DIRECTIONS:
Could the data below please be reproduced word for word, without the pictures?
- Opening Delimiter -
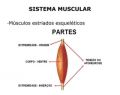 Musculo anatomia.jpg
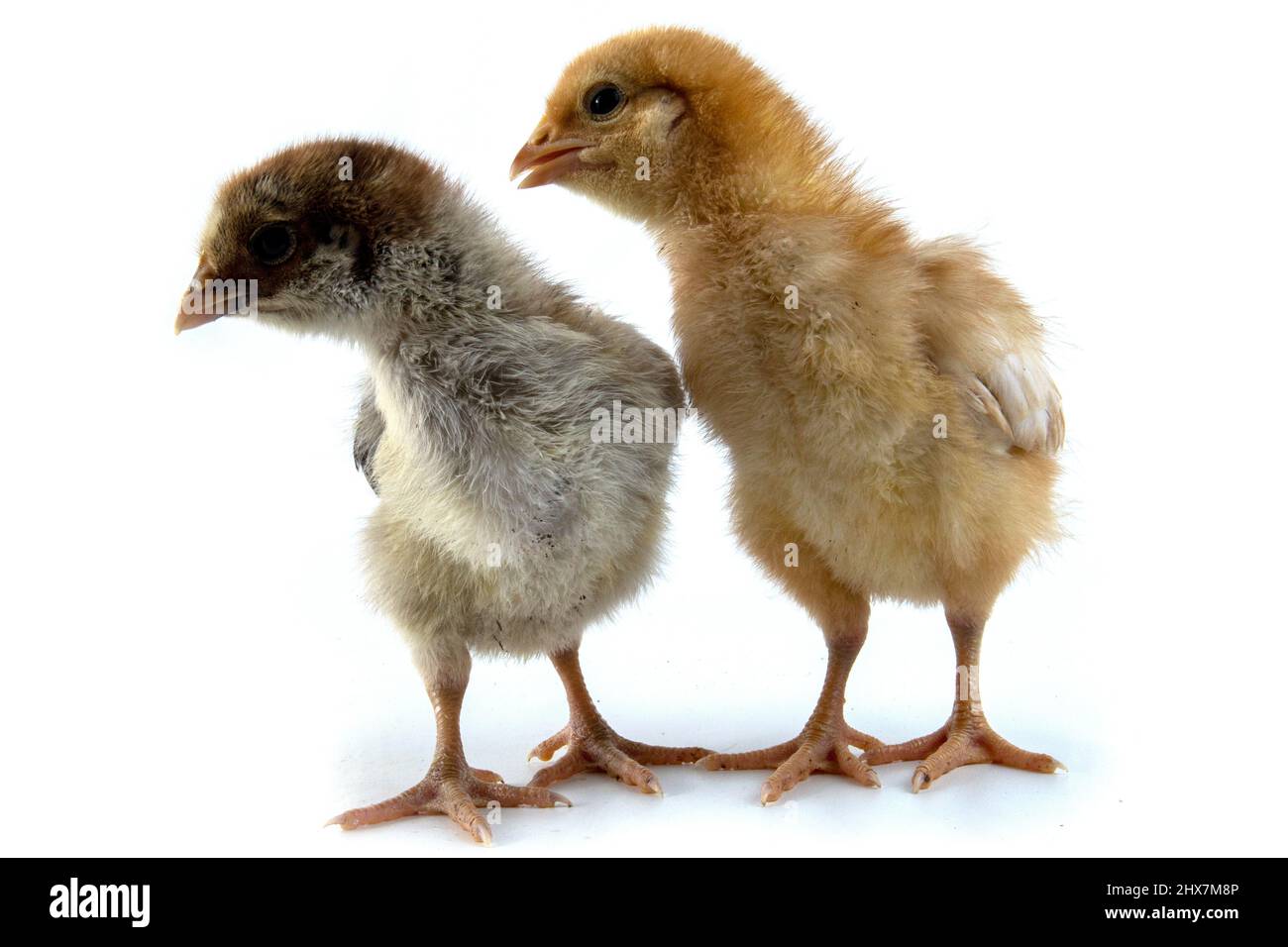 Kleines Huhn isoliert auf weiß Stockfoto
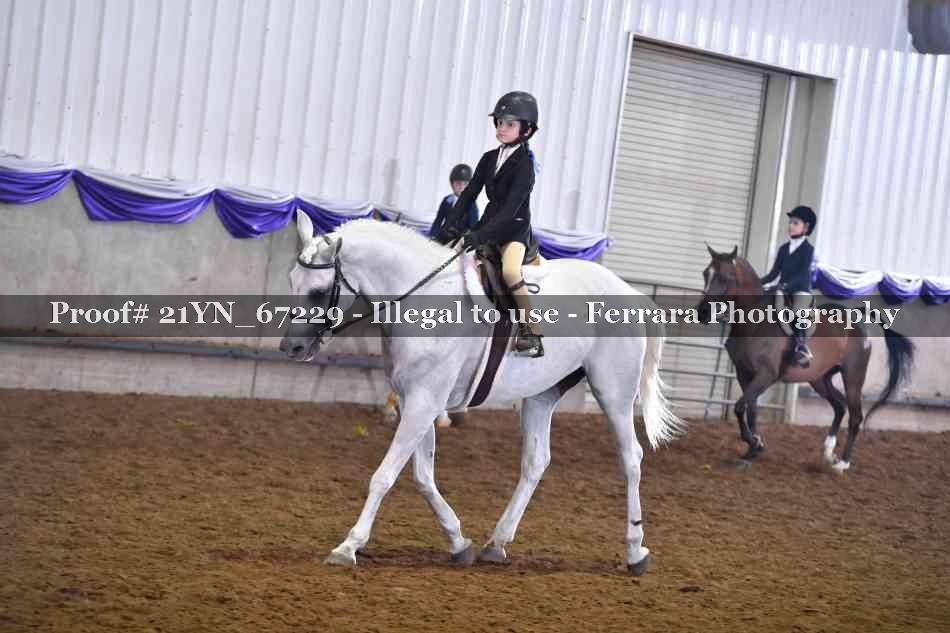 Proof 21YN_67229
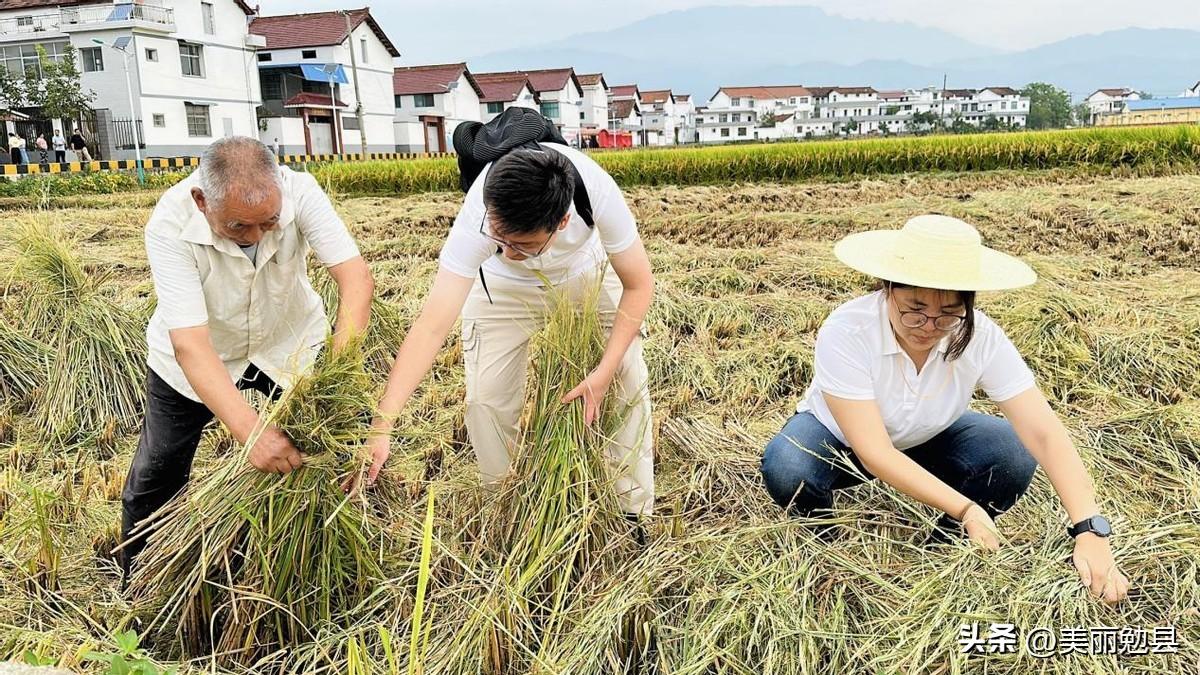 陕西省财政支出分析与探讨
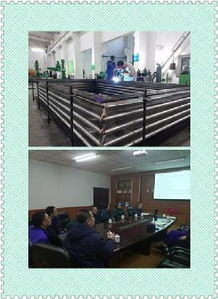 質量提升 貴在行動 系統化活動策劃方案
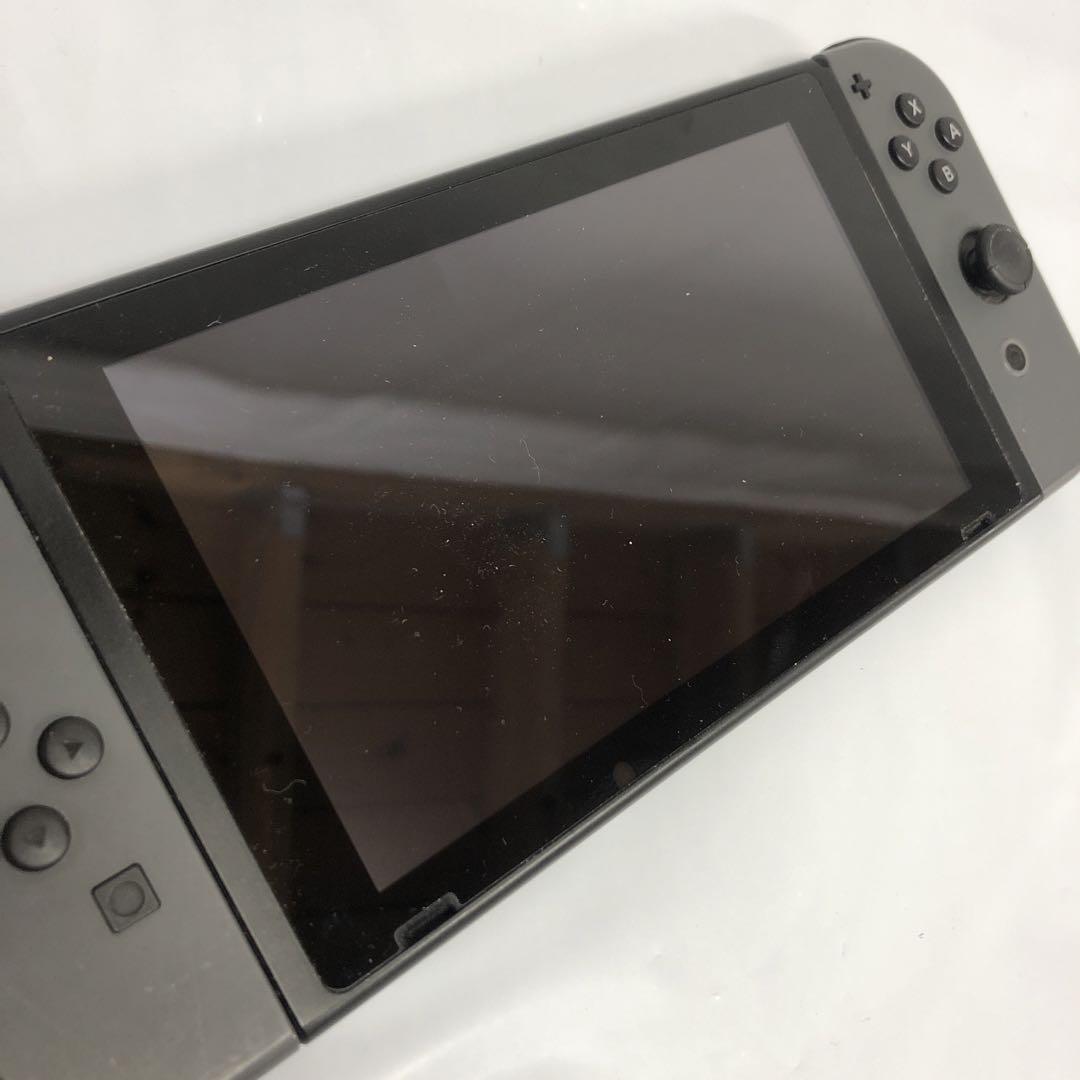 RE5056C Nintendo Switch 旧型 グレー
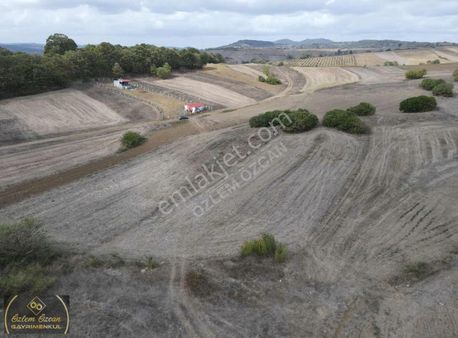 Kandıra Nefsiyadeş Köyünde Yatırımlık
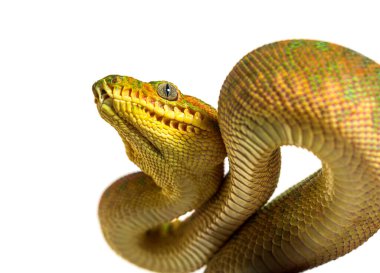 Genç Zümrüt Ağacı Boa Corallus Caninus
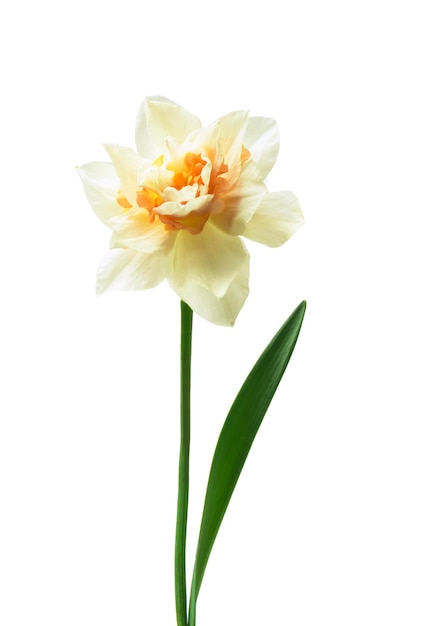 daffodil isolated on a white background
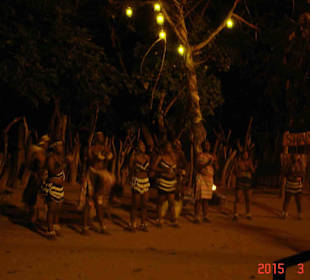 Krüger Nationalpark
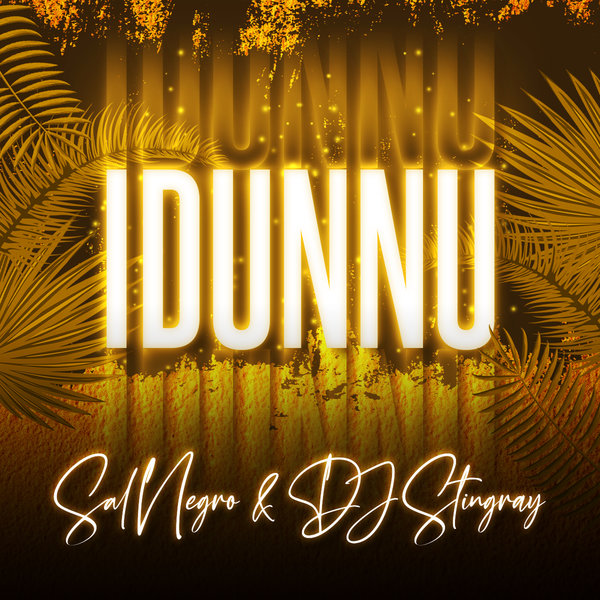 Sal Negro & DJ Stingray –  Idunnu [Ayize Songaa Recodings,LLC]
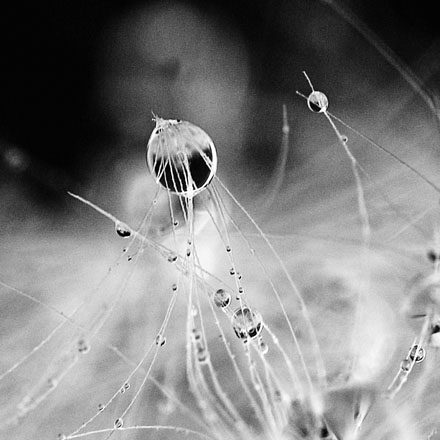 Foto: &copy; Norunn Bolstad, "Dr&aring;pe 2"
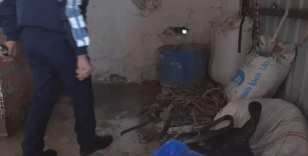 Ataşehir'de kaçak at kesimi iddiası: 2 şüpheli gözaltına alındı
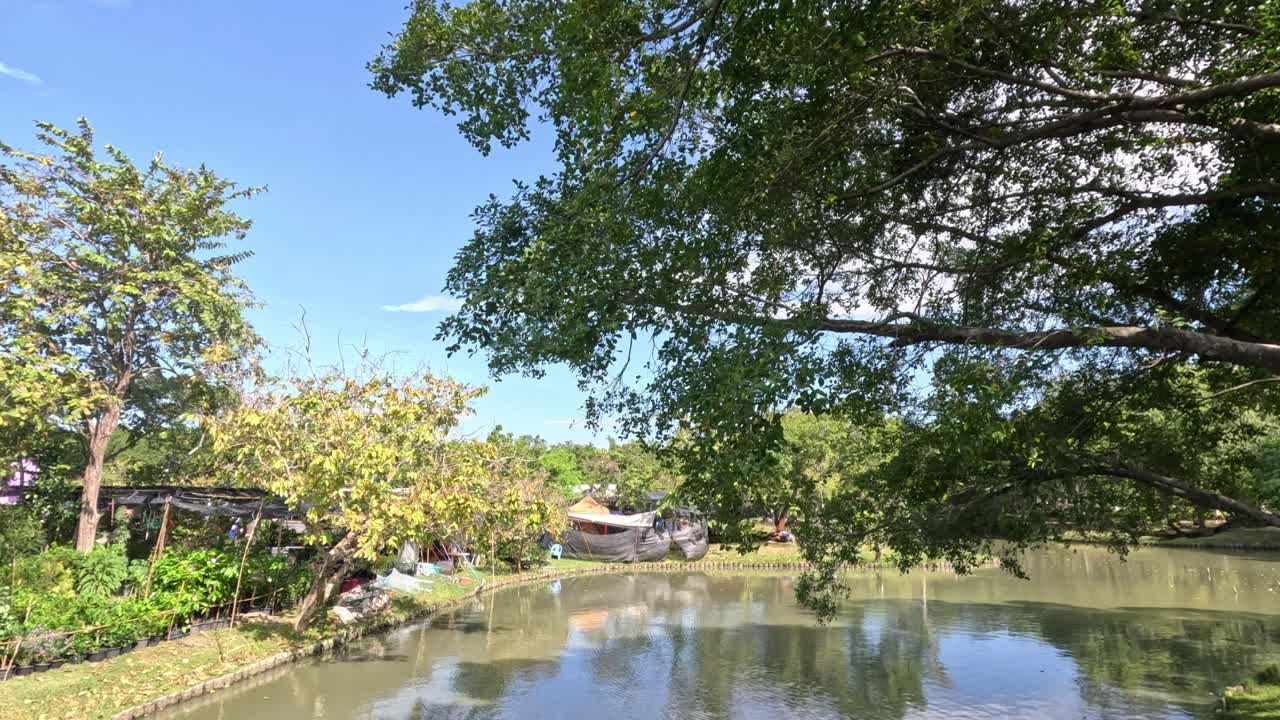 부드러운 폭포 를 가진 조용 한 공원 장면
- Closing Delimiter -
WRITTEN REPLY:
 Musculo anatomia.jpg
 Kleines Huhn isoliert auf weiß Stockfoto
 Proof 21YN_67229
 陕西省财政支出分析与探讨
 質量提升 貴在行動 系統化活動策劃方案
 RE5056C Nintendo Switch 旧型 グレー
 Kandıra Nefsiyadeş Köyünde Yatırımlık
 Genç Zümrüt Ağacı Boa Corallus Caninus
 daffodil isolated on a white background
 Krüger Nationalpark
 Sal Negro & DJ Stingray –  Idunnu [Ayize Songaa Recodings,LLC]
 Foto: &copy; Norunn Bolstad, "Dr&aring;pe 2"
 Ataşehir'de kaçak at kesimi iddiası: 2 şüpheli gözaltına alındı
 부드러운 폭포 를 가진 조용 한 공원 장면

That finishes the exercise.